2. A suit had been instituted by one Kumar Dakhineswar Malia against Rameswar Malia, Rani Bhaba Sundari and others for partition of the Searsole Raj Estate. One Bhagabati Charan Mitra was appointed receiver of that estate in that suit. On August 10, 1908, the said receiver with the permission of the Court which had appointed him as receiver granted two mining leases, each for 999 years - one in respect of 5/16 share of the Malias in Mouza Monohar Bahal and the other in respect of 230 bighas in village Marich Kota - to a firm then carrying on business under the name and style of Laik Banerjee & Company. On the same day the said receiver with like permission mortgaged these properties to the said firm as security for the due repayment of the loan of Rs. 100,000 advanced by that firm. The Malias joined the receiver in executing the aforesaid leases and the mortgage.
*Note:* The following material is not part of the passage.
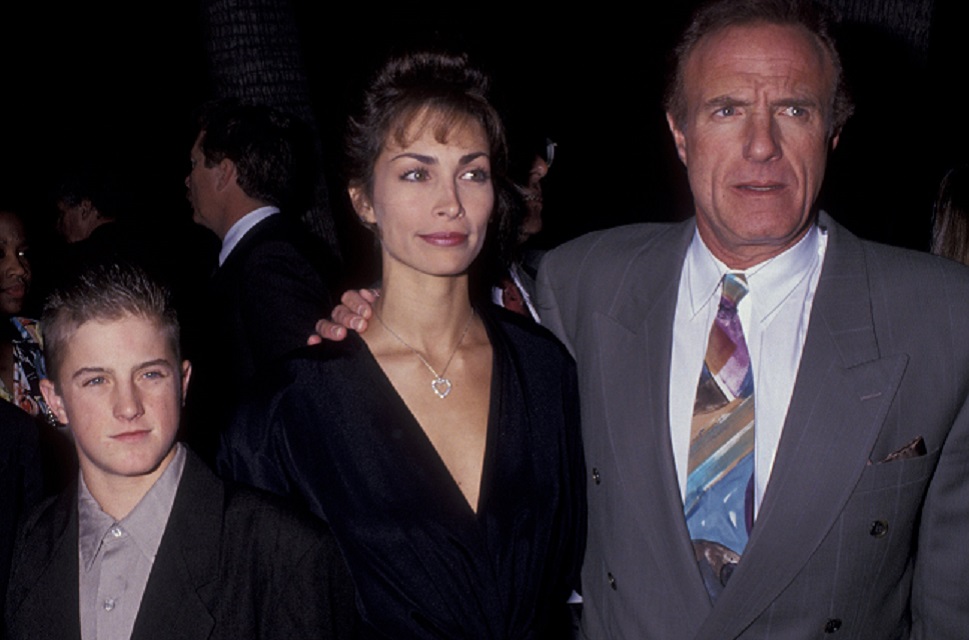 Ingrid Hajek and James Caan with their son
As a result of these transactions the firm of Laik Banerjee & Company became the lessees for 999 years of the two properties as well as the mortgagee of the lessors' interest in the same. By diverse processes not necessary to be detailed, the appellants have become the successors in interest of the mortgagors and the respondent Deva Prasanna Mukerjee has become the successors in interest of the mortgagee under the mortgage of August 10, 1908.
3. On March 31, 1922, Deva Prasanna filed suit No. 78 of 1922 for enforcing the mortgage of 1908. Preliminary decree was passed in the last mentioned suit on July 31, 1928, and a final decree for sale was made on February 26, 1929. In execution of this final decree the mortgaged properties were sold at a Court sale and were purchased by Deva Prasanna for Rs. 59,000. This sale was confirmed by the Court on June 30, 1931. A large sum remaining still due to Deva Prasanna, he applied for, and on October 30, 1935, obtained a personal decree for Rs. 1,27,179-0-6 against Raja Pramatha Nath Malia who had by inheritance acquired the lessors' interest and become the borrower.
4. In 1936, Deva Prasanna started execution case No. 118 of 1936 for execution of the personal decree and attached certain properties alleging that the same belonged to the Raja. The exact date of the attachment does not appear from the printed record. The Raja as Sibait of a certain deity and his two sons, the appellants before us, objected to the attachment of these properties and filed a claim case. Negotiations for settlement started and eventually, on January 30, 1937, a petition (Ex. 2) was filed in the executing Court stating as follows :-
'The judgment debtor having made special request to the decree-holder for an amicable settlement of the aforesaid execution case, the decree-holder has agreed to the same. But some time is required to settle the talks and all the terms etc. The judgment debtor has paid to the decree holder the costs of this execution amounting to Rs. 76-14-0, and he having made requests for this execution case being struck off for the present on keeping the attachment in force, the decree-holder has agreed to it.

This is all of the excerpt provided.